§ **Problem to work on**
Please reproduce all entries word for word, leaving every image behind.

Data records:
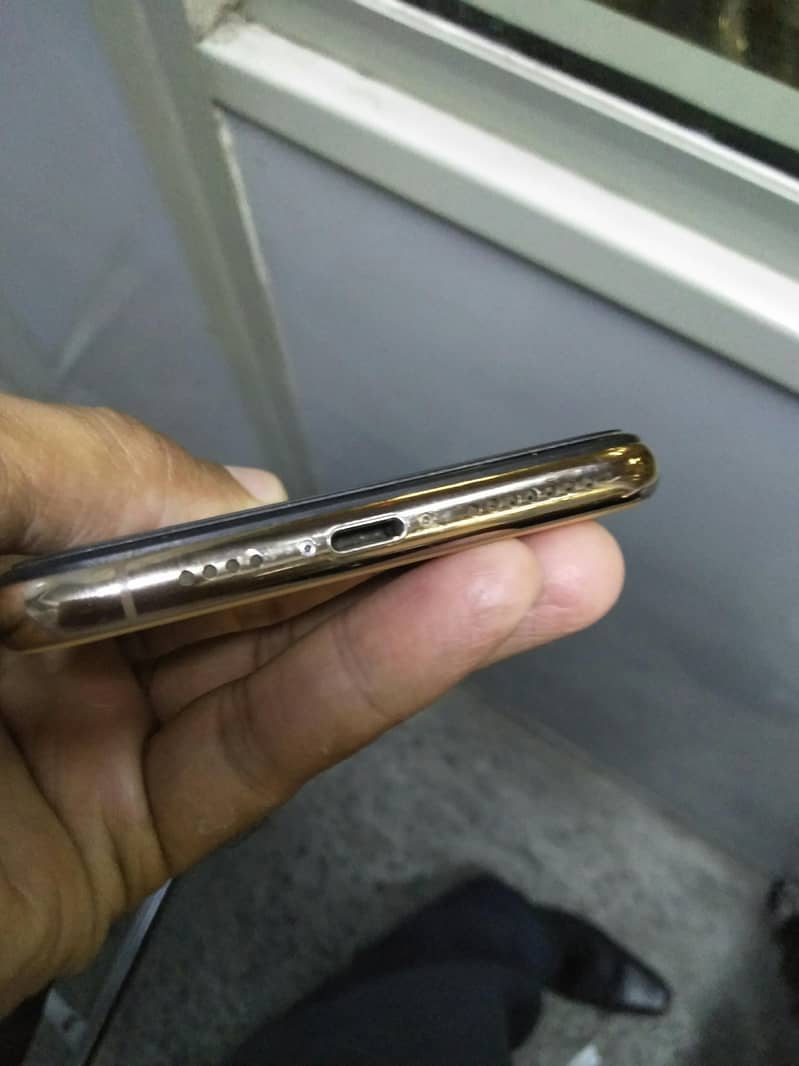 iPhone 11 pro 3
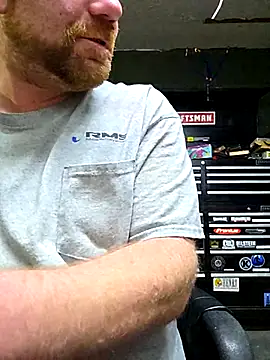 Snapshot of Txweld69 chatting on November 2025 07:57:01 PM Txweld69 online show from November 2025 07:57:01 PM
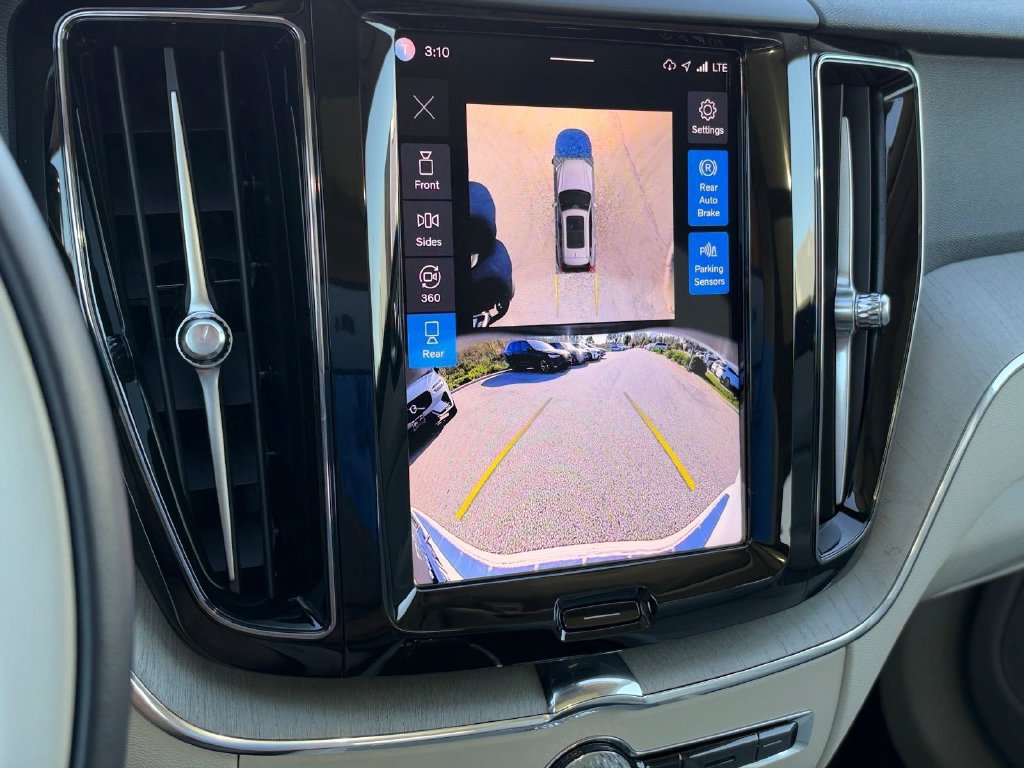 Certified 2024 Volvo XC60 B5 Plus w/ Protection Package Premier AWD/4WD image 20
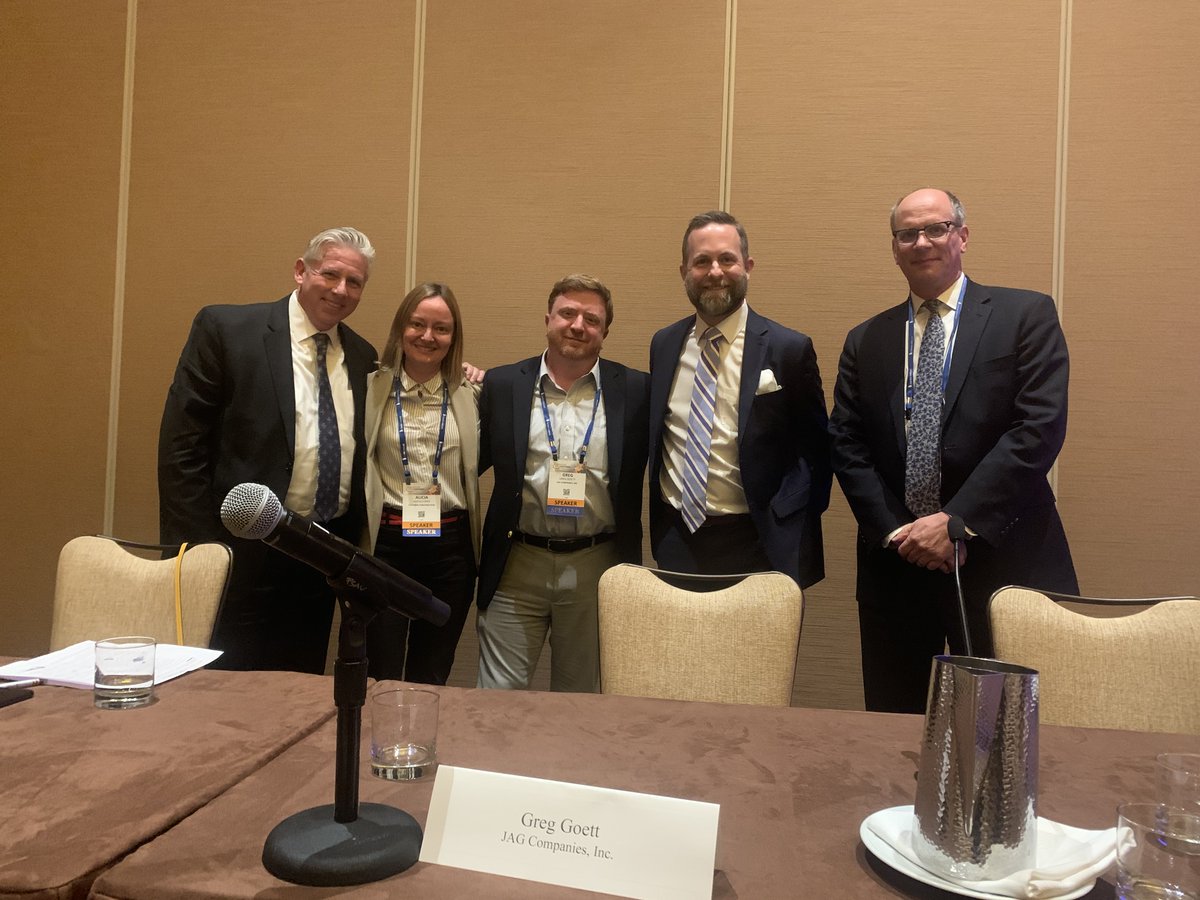 PeckarAbramson's tweet photo. @PeckarAbramson's Levi Barrett and Brian Smith examined how #RiskAllocation in design-build projects differs from risk allocation in traditional projects with a great panel from @flatironcorp, @JAGCompanies, and @Aon_plc at #ConSuperCon. #construction #constructionlaw https://t.co/vQFhovRR26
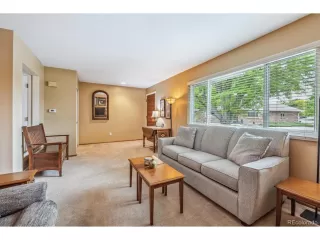 Photo #5: 8375101 Listing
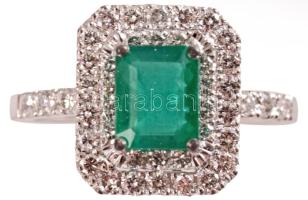 Fehérarany (Ag) koktélgyűrű. m: 56, 14K, bruttó 3,64g, benne 1,28ct párna csiszolású smaragd és 42 d...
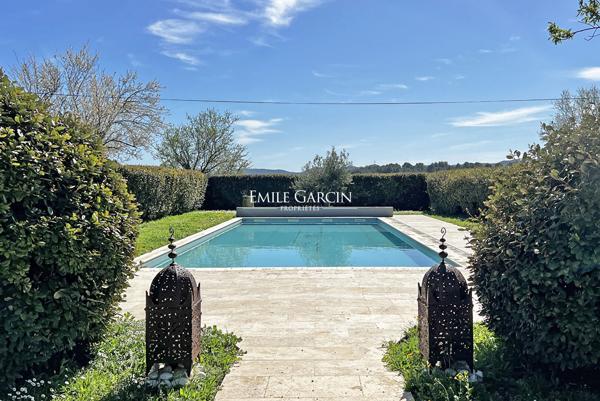 A vendre - Pigeonnier du XVIIe siècle - Sud Luberon - 1,9 hectare de jardin et prairies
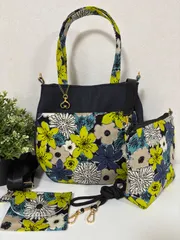 【裁縫ストア・ボヌール】大人かわいい　北欧風　ボタニカルフラワー柄　デニム生地　丸底トートバック　ポーチ/サコッシュ　ミニポーチ　ショルダーバッグ　ハンドバッグ　ハンドメイド　ショルダーストラップ付き　ポケットいっぱい　ゴージャス  / №500-427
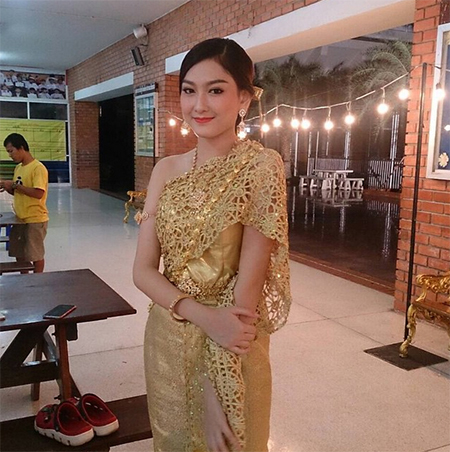 แพรว นฤภรกมล แฟชั่น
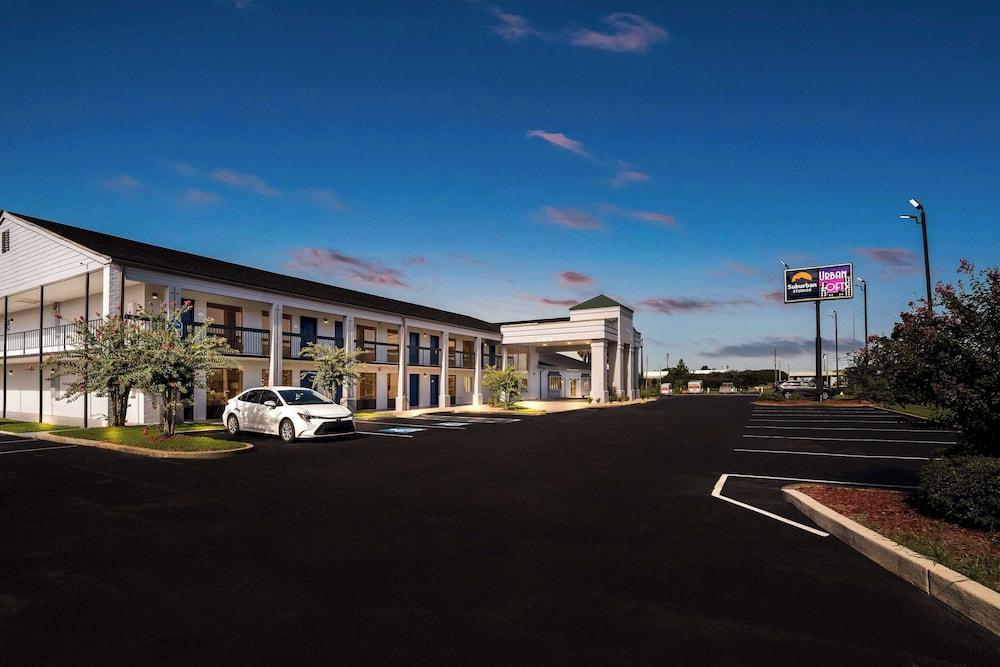 Suburban Studios Cordele I-75 photo 34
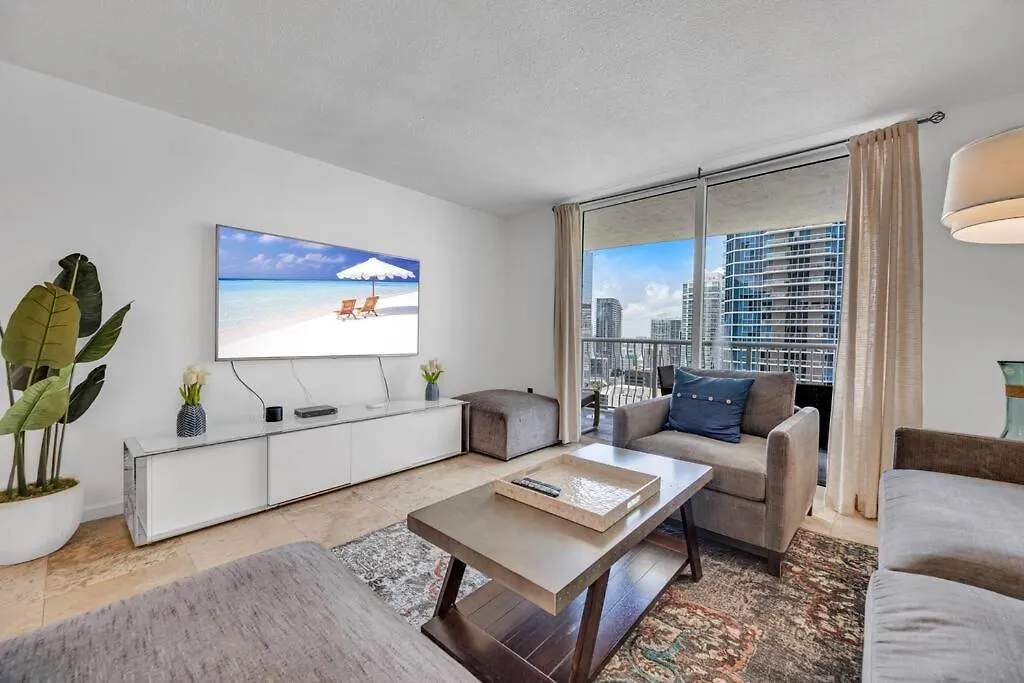 Iconic 1br Highrise Brickell-freeparking * Miami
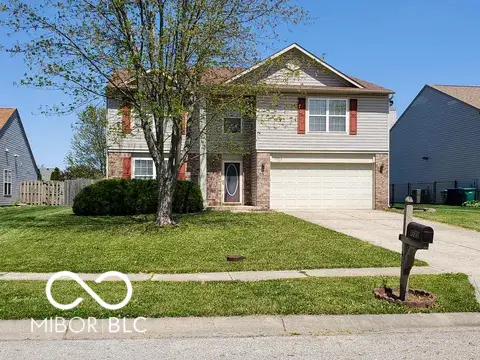 7723 Crooked Meadows Drive, Indianapolis, IN 46268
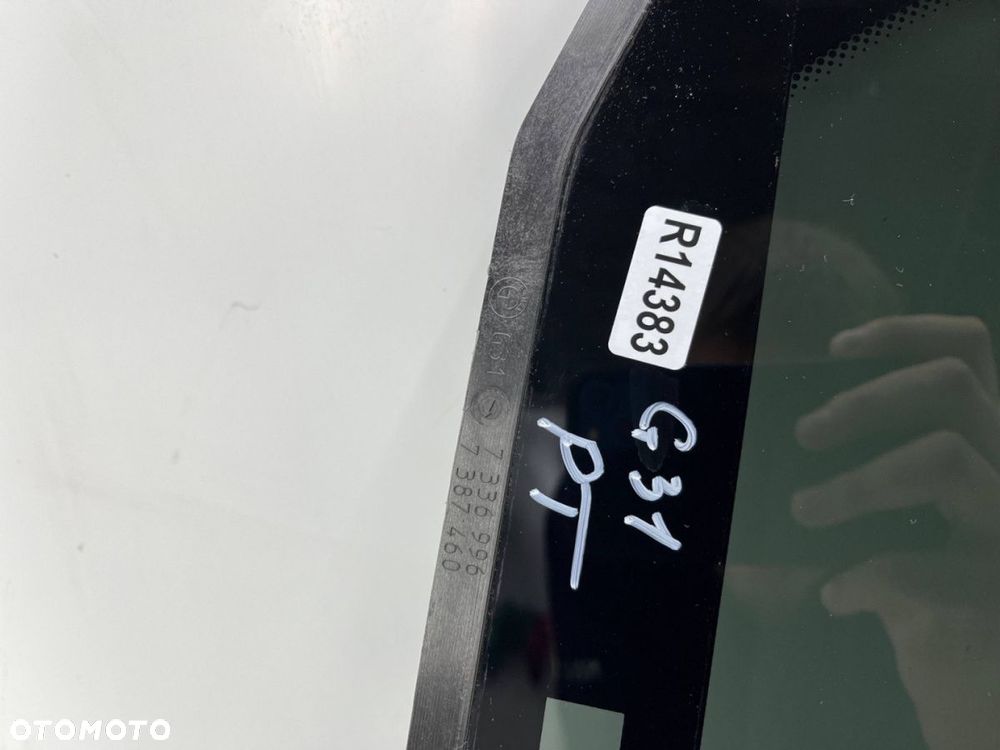Szyba boczna BMW 5 G31 kombi 17-24r. prawa tylna w drzwi trójkąt ciemna przyciemniona fabrycznie - 4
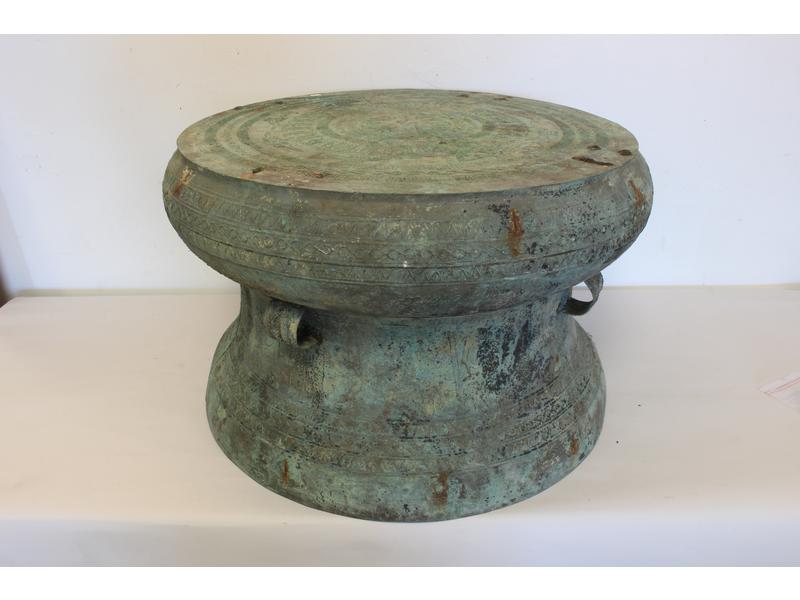 TAMBOUR en bronze patiné vert, de forme diabolo,...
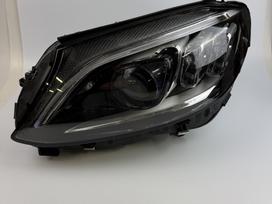 Mercedes-Benz C klasė lights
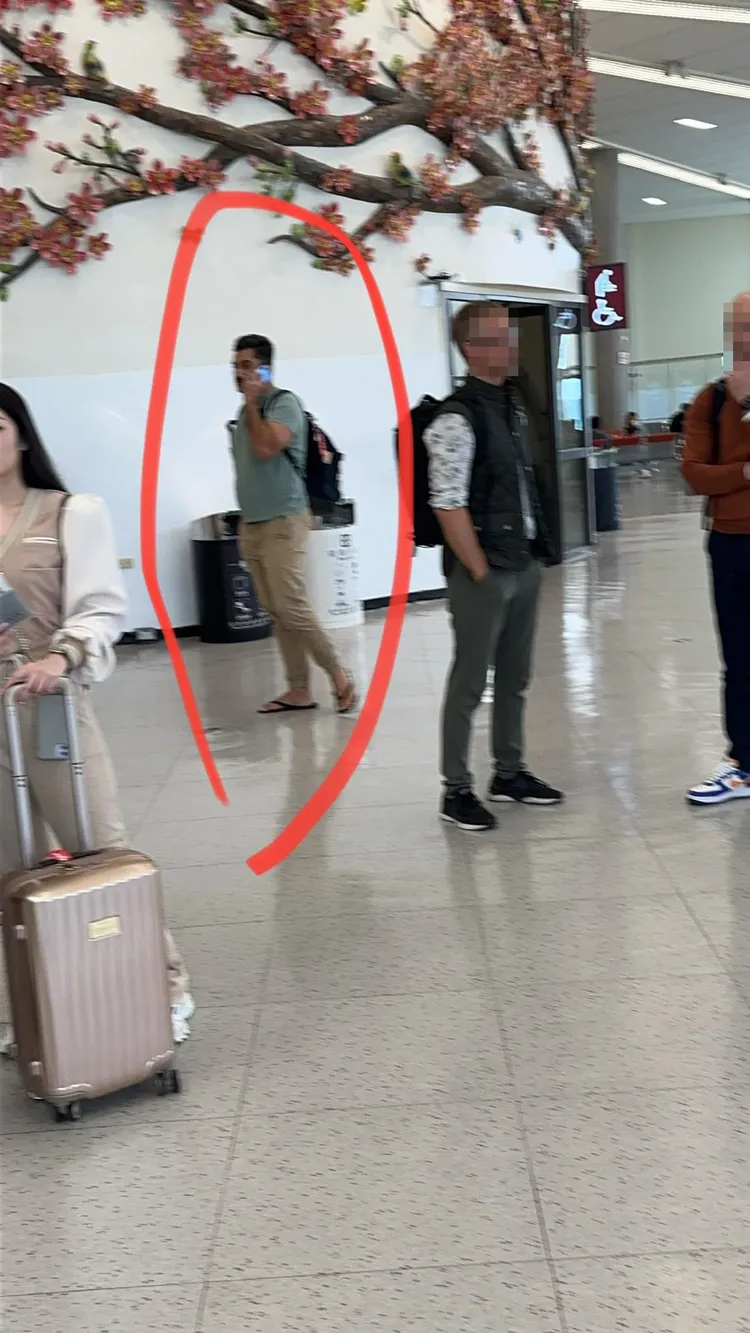 受害女子匆忙間拍下強吻她的外籍男身影。翻攝自臉書「爆料公社」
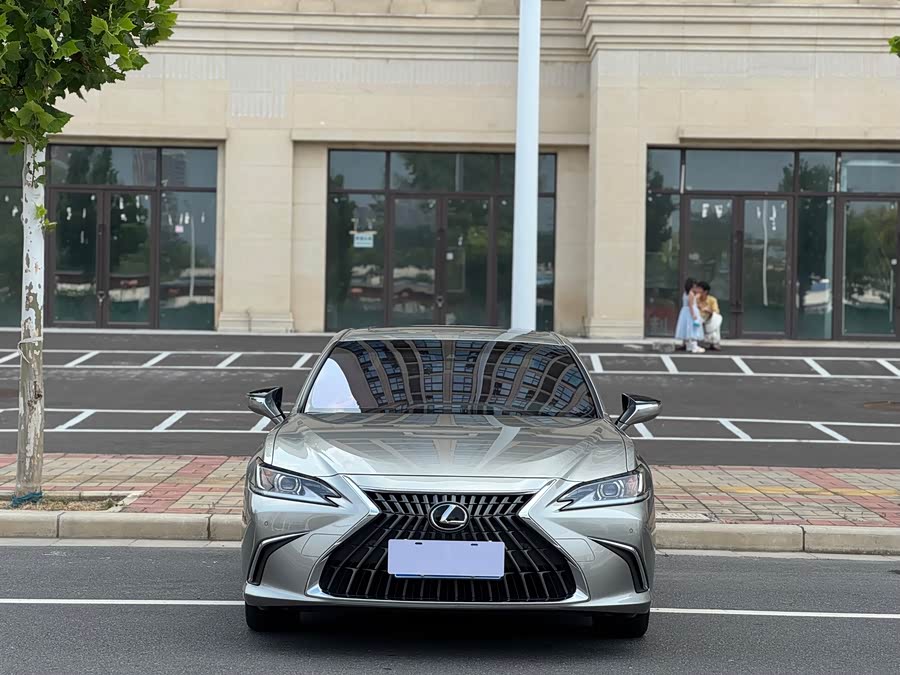 Lexus ES 2022 300h Excellence - zdjęcie 2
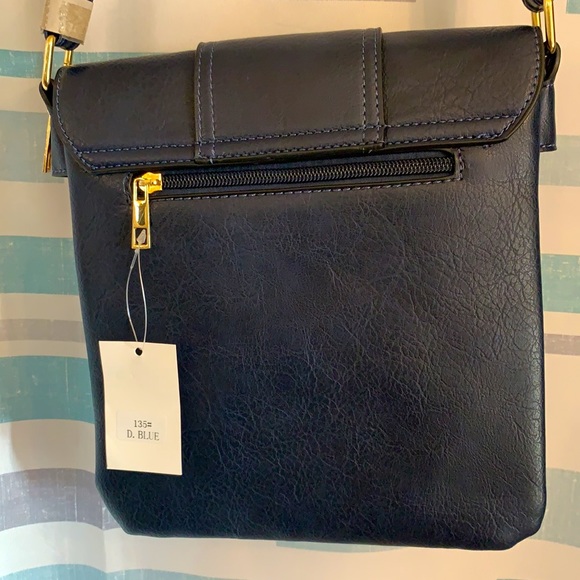 Elegant soft vegan leather crossbody/shoulder bag - Picture 5 of 8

§ **Response area**
 iPhone 11 pro 3
 Snapshot of Txweld69 chatting on November 2025 07:57:01 PM Txweld69 online show from November 2025 07:57:01 PM
 Certified 2024 Volvo XC60 B5 Plus w/ Protection Package Premier AWD/4WD image 20
 PeckarAbramson's tweet photo. @PeckarAbramson's Levi Barrett and Brian Smith examined how #RiskAllocation in design-build projects differs from risk allocation in traditional projects with a great panel from @flatironcorp, @JAGCompanies, and @Aon_plc at #ConSuperCon. #construction #constructionlaw https://t.co/vQFhovRR26
 Photo #5: 8375101 Listing
 Fehérarany (Ag) koktélgyűrű. m: 56, 14K, bruttó 3,64g, benne 1,28ct párna csiszolású smaragd és 42 d...
 A vendre - Pigeonnier du XVIIe siècle - Sud Luberon - 1,9 hectare de jardin et prairies
 【裁縫ストア・ボヌール】大人かわいい　北欧風　ボタニカルフラワー柄　デニム生地　丸底トートバック　ポーチ/サコッシュ　ミニポーチ　ショルダーバッグ　ハンドバッグ　ハンドメイド　ショルダーストラップ付き　ポケットいっぱい　ゴージャス  / №500-427
 แพรว นฤภรกมล แฟชั่น
 Suburban Studios Cordele I-75 photo 34
 Iconic 1br Highrise Brickell-freeparking * Miami
 7723 Crooked Meadows Drive, Indianapolis, IN 46268
Szyba boczna BMW 5 G31 kombi 17-24r. prawa tylna w drzwi trójkąt ciemna przyciemniona fabrycznie - 4
 TAMBOUR en bronze patiné vert, de forme diabolo,...
 Mercedes-Benz C klasė lights
 受害女子匆忙間拍下強吻她的外籍男身影。翻攝自臉書「爆料公社」
 Lexus ES 2022 300h Excellence - zdjęcie 2
 Elegant soft vegan leather crossbody/shoulder bag - Picture 5 of 8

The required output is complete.